By Zachary R. Dowdy
Newsday (New York)
Copyright 2007 Newsday, Inc.
STATEN ISLAND, N.Y. — The death toll of the nation’s worst terrorist attack climbed by one yesterday when New York officials announced they had classified as a homicide the death of a Staten Island woman who inhaled toxic dust during the Sept. 11 strike on the World Trade Center - the first death the city has blamed on dust from the attack.
Felicia Dunn-Jones died Feb. 10, 2002, and the cause of her death was determined to be sarcoidosis with cardiac involvement, said the New York City medical examiner’s office.
“The office of chief medical examiner has thus concluded that Mrs. Dunn-Jones’ exposure to World Trade Center dust on 9/11/01 contributed to her death and it has been ruled a homicide,” read a news release from the agency, which had previously refused to include her in the list of 9/11 victims.
It was the first time since January 2004 that officials had adjusted the death toll from the attacks on the World Trade Center. The count stands at 2,750, but the fact that Dunn-Jones’ death is the first to be linked to the dust could spark a review of many other cases and could affect pending litigation, attorneys said.
Dunn-Jones, 42, was an attorney for the U.S. Department of Education who worked a block north of the World Trade Center. On the day of the attacks, she was trapped in a dust cloud caused by the collapse of the first Trade Center tower. Despite New York’s position, the federal Victim Compensation Fund in 2004 awarded her family a death benefit of $2.6 million.
Yesterday’s announcement came several months after two members of the New York congressional delegation began lobbying the medical examiner to have Dunn-Jones’ name added to the city’s list of 9/11 victims. Dunn-Jones had been excluded because there was not enough evidence linking her death to the attacks, city Medical Examiner Charles Hirsch had said.

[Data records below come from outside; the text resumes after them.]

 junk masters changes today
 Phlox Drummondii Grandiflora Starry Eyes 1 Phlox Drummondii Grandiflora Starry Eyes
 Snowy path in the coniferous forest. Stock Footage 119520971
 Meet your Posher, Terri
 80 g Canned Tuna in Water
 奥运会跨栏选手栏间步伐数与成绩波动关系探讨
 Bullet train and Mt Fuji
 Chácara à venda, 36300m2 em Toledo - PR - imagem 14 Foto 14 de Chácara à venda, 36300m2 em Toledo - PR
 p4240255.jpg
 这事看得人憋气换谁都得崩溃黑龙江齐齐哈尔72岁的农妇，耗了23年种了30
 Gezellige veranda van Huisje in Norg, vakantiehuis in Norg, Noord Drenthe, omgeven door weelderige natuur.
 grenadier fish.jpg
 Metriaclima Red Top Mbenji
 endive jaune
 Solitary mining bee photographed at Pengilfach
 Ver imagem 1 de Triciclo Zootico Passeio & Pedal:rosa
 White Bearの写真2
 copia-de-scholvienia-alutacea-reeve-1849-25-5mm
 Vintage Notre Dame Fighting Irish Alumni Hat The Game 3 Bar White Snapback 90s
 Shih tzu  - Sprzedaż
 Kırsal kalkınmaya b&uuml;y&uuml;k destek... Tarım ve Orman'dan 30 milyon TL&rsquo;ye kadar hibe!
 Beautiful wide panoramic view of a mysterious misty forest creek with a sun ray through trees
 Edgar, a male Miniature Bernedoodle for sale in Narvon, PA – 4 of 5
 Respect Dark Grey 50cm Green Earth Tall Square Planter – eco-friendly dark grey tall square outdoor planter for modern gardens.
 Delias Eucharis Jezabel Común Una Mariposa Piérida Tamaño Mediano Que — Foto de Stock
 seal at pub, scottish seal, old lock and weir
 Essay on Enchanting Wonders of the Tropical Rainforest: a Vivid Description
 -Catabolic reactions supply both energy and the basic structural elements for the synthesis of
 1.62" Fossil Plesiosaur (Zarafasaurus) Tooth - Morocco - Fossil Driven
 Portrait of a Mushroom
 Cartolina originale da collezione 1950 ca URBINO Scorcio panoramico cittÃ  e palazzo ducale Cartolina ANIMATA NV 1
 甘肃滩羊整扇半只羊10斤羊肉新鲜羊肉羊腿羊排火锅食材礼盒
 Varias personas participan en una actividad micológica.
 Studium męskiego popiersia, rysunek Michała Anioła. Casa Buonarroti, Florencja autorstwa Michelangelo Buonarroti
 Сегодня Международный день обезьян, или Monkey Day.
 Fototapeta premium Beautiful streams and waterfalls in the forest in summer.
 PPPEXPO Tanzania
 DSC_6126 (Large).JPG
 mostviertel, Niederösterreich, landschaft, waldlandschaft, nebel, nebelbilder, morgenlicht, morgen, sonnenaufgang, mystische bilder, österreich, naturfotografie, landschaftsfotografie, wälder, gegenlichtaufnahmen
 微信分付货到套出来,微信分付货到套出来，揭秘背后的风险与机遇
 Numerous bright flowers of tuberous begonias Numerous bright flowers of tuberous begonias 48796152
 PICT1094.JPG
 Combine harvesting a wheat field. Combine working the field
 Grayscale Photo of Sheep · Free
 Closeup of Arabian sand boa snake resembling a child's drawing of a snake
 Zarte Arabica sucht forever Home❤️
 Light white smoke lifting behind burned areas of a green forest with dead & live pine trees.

“The city medical examiner has now accepted what thousands of people with 9/11-related illnesses and their doctors have long understood: that Ground Zero dust was harmful and even deadly,” said Rep. Carolyn B. Maloney (D-Manhattan). “Sadly, we have known that Felicia is not alone and that others have died from ailments caused by 9/11. I hope that the medical examiner is no longer in denial about the Trade Center dust.”
Andrew Carboy, a Manhattan attorney whose firm represents 250 people, mainly firefighters, who are part of a class of about 8,000 plaintiffs with claims against the city for 9/11-related injuries, said the determination helps his case.
“It’s just one more concession as to the causal link between World Trade Center contaminant exposure and injuries and death on the part of the city,” Carboy said.